İftardan 1-2 saat sonra kısa mesafeli yürüyüşler yapmanın sindirime yardımcı olacağını dile getiren Sünnetçioğlu, “İftar ve sahur arasında geçen süre zarfında bir ara öğün yapabilirsiniz. Bu ara öğünlerde meyve tercih etmeniz, gün boyunca ihtiyacınız olan vitamin, mineral ve su miktarını karşılamada etkili olacaktır. Tatlı tüketimini haftada 2-3 kez ile sınırlandırın ve daha çok az şekerden yapılmış sütlü tatlılar tercih edin. Ara öğünlerinize sağlıklı yağ kaynakları olan ceviz, badem, fındık gibi yağlı tohumları doğru miktarlarda eklemeyi ihmal etmeyin. Sahur, tüm gün besin alımı yapamayacağımızdan, vücudumuz için oldukça önemlidir. Bu öğünde menünüzü kahvaltı olarak planlayın. Aşırı yağlı yemeklerden kaçının. Tokluk sürenizi uzatmak adına mutlaka yumurta bulundurun. Bunun yanında tüketilen ekmek miktarına da dikkat edin. Oruç süresince susamamak için sahurda tükettiğiniz tatlı gıdaları sınırlandırın. Tahinin de bir yağ kaynağı olduğunu unutmadan miktarını sınırlandırarak tüketimi sağlayın. Sahur yaptıktan hemen sonra uyumak, aldığınız besinleri sindirmede sorun yaşamanıza neden olabilir. Bu nedenle sahurdan en az 45 dakika sonra uykuya hazırlık yapmaya dikkat edin” ifadelerini kullandı.
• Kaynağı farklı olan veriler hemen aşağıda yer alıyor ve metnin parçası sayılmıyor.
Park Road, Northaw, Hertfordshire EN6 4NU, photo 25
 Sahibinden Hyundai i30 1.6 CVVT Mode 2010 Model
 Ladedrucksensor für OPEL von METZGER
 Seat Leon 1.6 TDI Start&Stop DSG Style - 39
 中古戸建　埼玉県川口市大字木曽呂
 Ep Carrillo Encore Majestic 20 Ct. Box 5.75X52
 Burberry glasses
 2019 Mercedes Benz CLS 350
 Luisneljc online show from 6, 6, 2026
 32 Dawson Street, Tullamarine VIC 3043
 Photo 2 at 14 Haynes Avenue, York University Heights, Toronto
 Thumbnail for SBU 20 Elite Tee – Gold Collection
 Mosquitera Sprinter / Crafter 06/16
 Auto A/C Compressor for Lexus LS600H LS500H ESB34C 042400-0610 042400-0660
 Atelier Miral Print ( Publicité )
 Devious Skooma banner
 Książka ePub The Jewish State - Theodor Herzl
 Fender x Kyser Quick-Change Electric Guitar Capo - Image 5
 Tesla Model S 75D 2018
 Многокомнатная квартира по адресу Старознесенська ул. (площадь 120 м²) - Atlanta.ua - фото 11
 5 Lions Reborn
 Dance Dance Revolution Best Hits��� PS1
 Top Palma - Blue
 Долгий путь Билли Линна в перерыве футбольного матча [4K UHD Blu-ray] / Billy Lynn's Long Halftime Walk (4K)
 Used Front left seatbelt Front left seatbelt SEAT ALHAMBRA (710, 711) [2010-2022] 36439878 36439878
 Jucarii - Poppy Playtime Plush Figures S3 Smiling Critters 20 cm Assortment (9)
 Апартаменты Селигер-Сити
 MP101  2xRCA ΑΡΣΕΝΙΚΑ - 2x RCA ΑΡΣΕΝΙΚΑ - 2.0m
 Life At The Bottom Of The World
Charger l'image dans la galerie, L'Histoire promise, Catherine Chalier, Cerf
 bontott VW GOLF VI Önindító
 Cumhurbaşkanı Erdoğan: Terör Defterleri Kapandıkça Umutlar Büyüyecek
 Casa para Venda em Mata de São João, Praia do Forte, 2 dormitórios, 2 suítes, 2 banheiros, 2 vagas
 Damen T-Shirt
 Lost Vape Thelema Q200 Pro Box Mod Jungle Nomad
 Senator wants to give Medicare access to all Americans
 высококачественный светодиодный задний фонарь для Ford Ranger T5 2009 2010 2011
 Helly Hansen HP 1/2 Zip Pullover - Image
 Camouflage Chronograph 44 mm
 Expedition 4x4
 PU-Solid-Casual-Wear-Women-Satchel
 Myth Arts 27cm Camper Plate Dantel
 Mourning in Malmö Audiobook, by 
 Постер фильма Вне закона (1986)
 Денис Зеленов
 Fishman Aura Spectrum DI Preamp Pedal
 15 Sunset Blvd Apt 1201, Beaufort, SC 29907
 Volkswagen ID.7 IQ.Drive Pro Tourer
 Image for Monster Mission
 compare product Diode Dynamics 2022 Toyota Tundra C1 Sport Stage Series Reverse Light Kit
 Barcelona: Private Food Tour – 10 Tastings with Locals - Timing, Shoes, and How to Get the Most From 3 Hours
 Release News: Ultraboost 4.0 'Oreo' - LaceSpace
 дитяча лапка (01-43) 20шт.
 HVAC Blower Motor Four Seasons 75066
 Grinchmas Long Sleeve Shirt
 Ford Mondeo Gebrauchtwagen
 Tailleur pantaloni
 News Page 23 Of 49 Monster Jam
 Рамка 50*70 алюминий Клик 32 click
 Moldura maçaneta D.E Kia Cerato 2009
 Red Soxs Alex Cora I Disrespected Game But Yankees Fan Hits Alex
Doç. Dr. Mahmut Sünnetçioğlu, korona virüse karşı tedbirlerin alınması gerektiğini vurgulayarak, "Sadece kişinin kendi sağlığıyla ilgili bir sorun değil hepimizin sağlığı için vatandaşlarımızdan aileleri ve sevdikleri için daha dikkatli olmalarını bekliyoruz. Mutlaka maske ve sosyal mesafe kuralını uygulamamız gerekiyor. Ev ziyaretlerini yapmayacağız. Toplu alanlardan uzak duracağız. Kapalı ortamlarda bulaş riskinin yüksek olduğunu unutmayalım. Pandemi bilincini, toplum olarak edinmeliyiz" şeklinde konuştu.